Task item: Where a picture appears, omit it; repeat everything else in the records exactly.

● ● ● ●

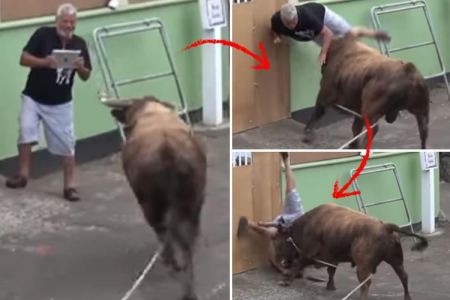 شاهد.. لحظات مرعبة: ثور هائج يهاجم أحد الأشخاص حاول تصويره بالآيباد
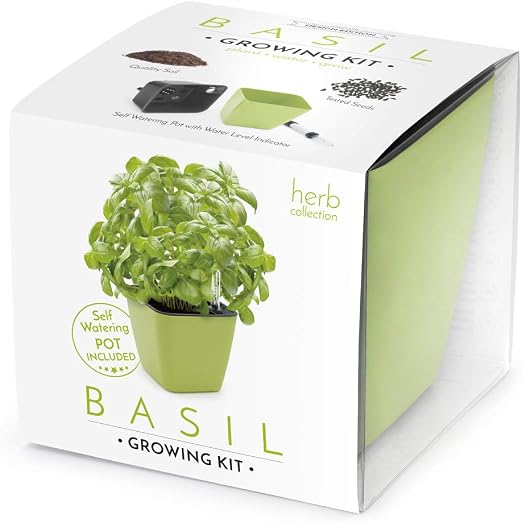 Domestico Kit de ALBAHACA para cultivar, Basil Growing Kit, All-In ...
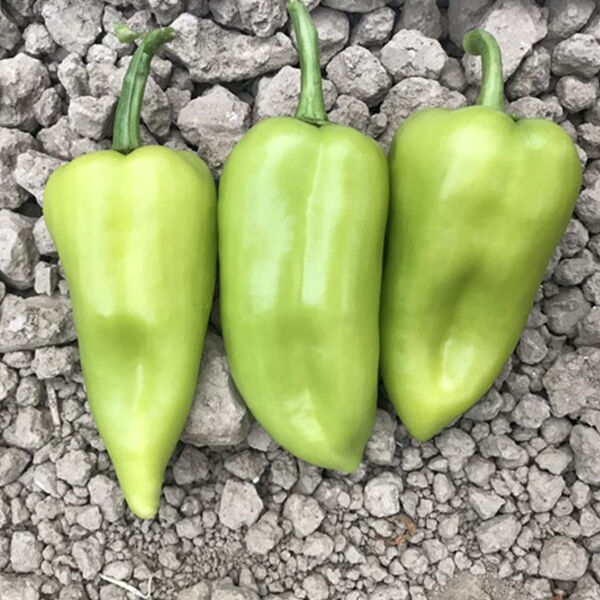 ЦРХ 69110 F1 / CRX 69110 F1 - насіння перцю, Cora Seeds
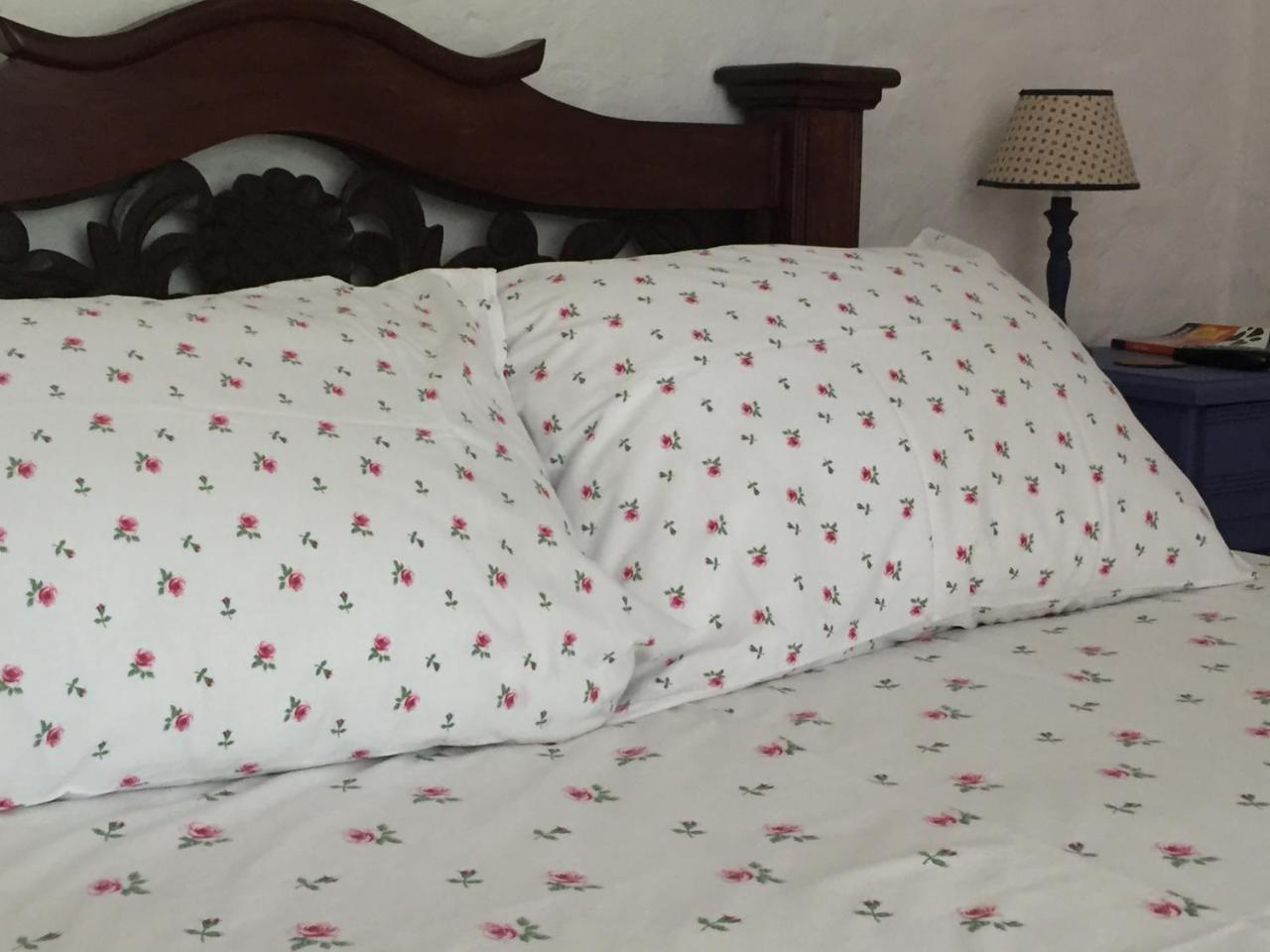 Hotel Casona Las Juanas San José de Pare Dış mekan fotoğraf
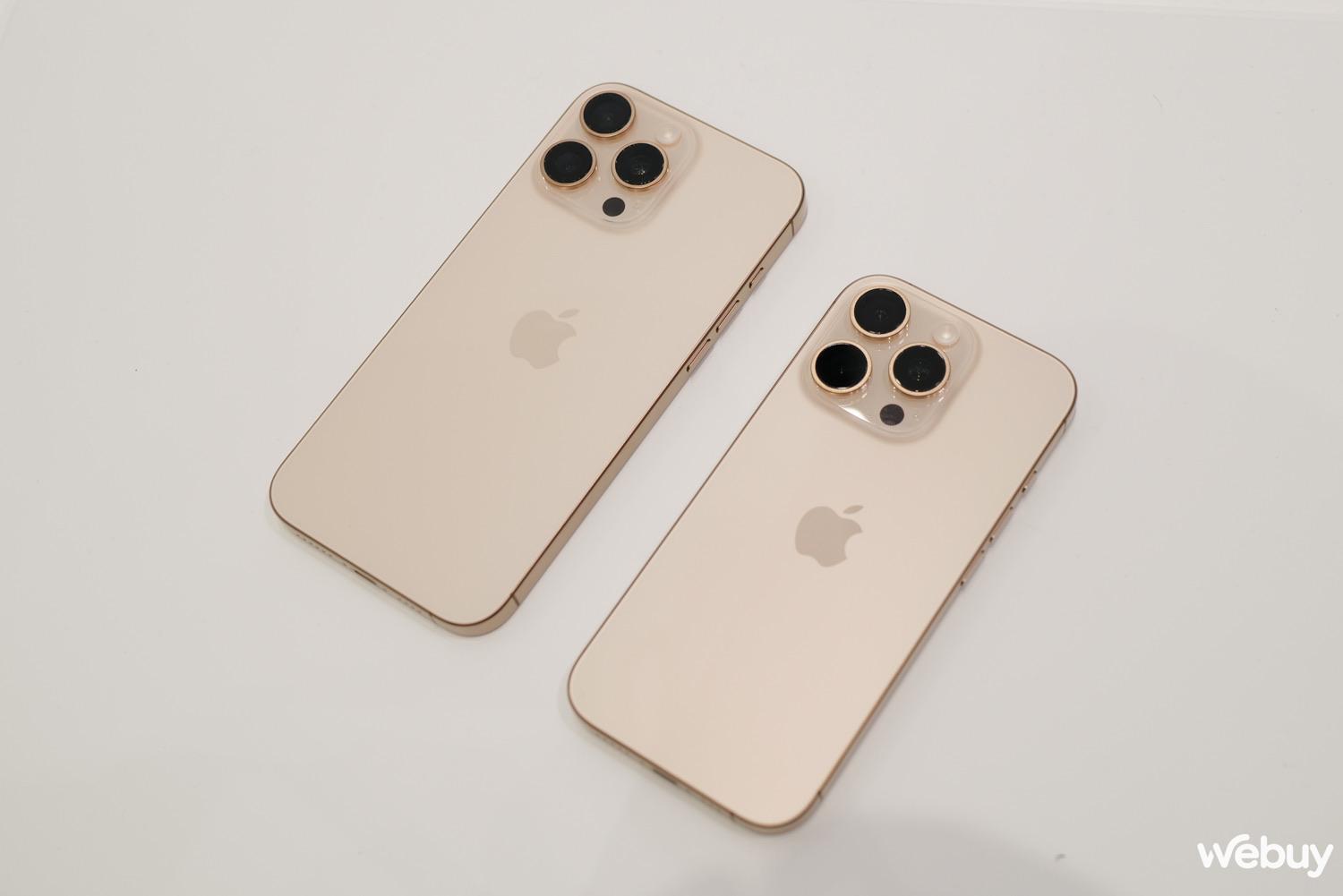 c463590625c654e794d3.jpg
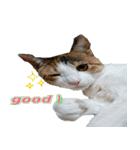 ミケ猫ミーシャのにちじょう（個別スタンプ：33）
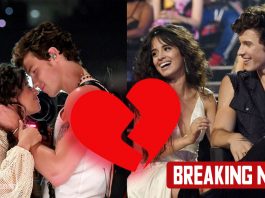 Shawn Mendes breakup with Camila Cabello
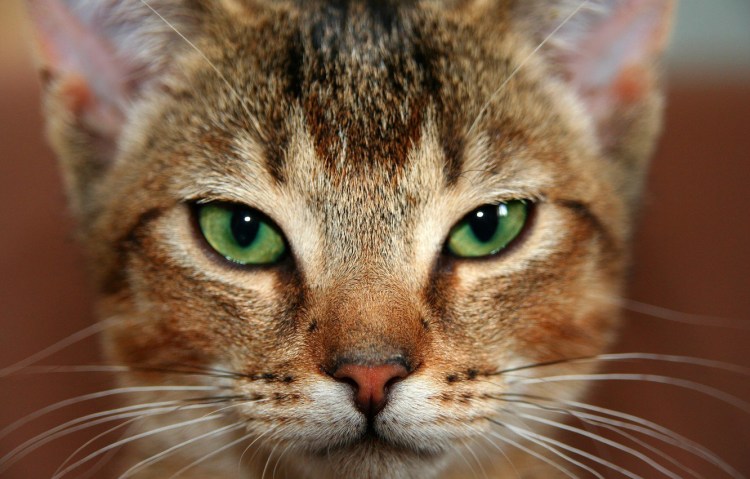 Кот Стива Бушеми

● ● ● ●

Output of the task:
 شاهد.. لحظات مرعبة: ثور هائج يهاجم أحد الأشخاص حاول تصويره بالآيباد
 Domestico Kit de ALBAHACA para cultivar, Basil Growing Kit, All-In ...
 ЦРХ 69110 F1 / CRX 69110 F1 - насіння перцю, Cora Seeds
 Hotel Casona Las Juanas San José de Pare Dış mekan fotoğraf
 c463590625c654e794d3.jpg
 ミケ猫ミーシャのにちじょう（個別スタンプ：33）
 Shawn Mendes breakup with Camila Cabello
 Кот Стива Бушеми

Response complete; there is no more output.